Nun sind alle Räumlichkeiten originalgetreu dem Stand von 1883 nachempfunden und das Gebäude ist ein Museum für die Wohnkultur der Gründerzeit in der 2. Hälfte des 19. Jahrhunderts. Mit entsprechenden Möbeln versehen gibt es jeweils ein Herren-, Damen-, Jagd- und Terrassenzimmer, sowie einen Festsaal. Die Ausstattung besteht aus antiquarischen Stücken die von vielerlei Orten und Personen bezogen wurden.

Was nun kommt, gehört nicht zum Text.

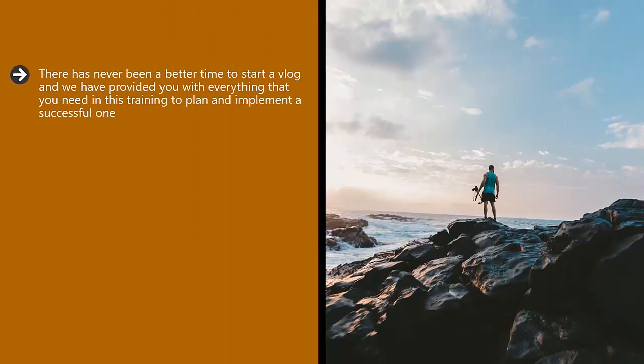There's never been a better time to start a vlog and we have provided you with everything that you need in this training to plan and implement a successful one.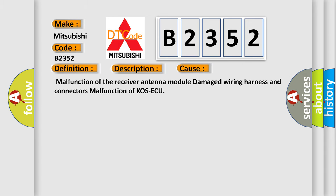This diagnostic error occurs most often in these cases: Malfunction of the receiver antenna module, damaged wiring harness and connectors, malfunction of KOS-ECU.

Faszinierend ist, dass eines der Gemälde nachträglich identifiziert wurde und tatsächlich wohl einen Enkelsohn von Wilhelm Wrede darstellt. Erfreulicher Zufall.
Abgesehen von einem Grammophon ist auch der weniger bekannte und 10 Jahre früher erfundene Phonograph zu sehen.
Unter der Leitung des Estrel befindet sich im Gebäude auch ein Hotelbetrieb, der 2009 als zukunftsweisendes Ausbildungsprojekt ins Leben gerufen wurde und seither vorbildlich geführt wird. Abgesehen vom Schlossambiente inklusive Park, gibt es auch ein Restaurant für die Hotelgäste.
So alt wie das Schloss ist auch der zugehörige Schlosspark Britz. Die 1,8 ha große Anlage wurde von seinen jeweiligen Besitzern um diverse Elemente erweitert und gut gepflegt. Seit 1990 steht der Park unter Denkmalschutz. 1997 erhielt er den Gustav-Meyer-Preis.
Mehr Infos: https://schloss-gutshof-britz.de/
Neben dem Schloss liegt der Gutshof Britz.
Hier finden sich das Museum Neukölln, die Musikschule Paul Hindemith Neukölln und das Restaurant Buchholz.
Über das Jahr verteilt gibt es regelmäßige Konzerte, Ausstellungen und andere Veranstaltungen.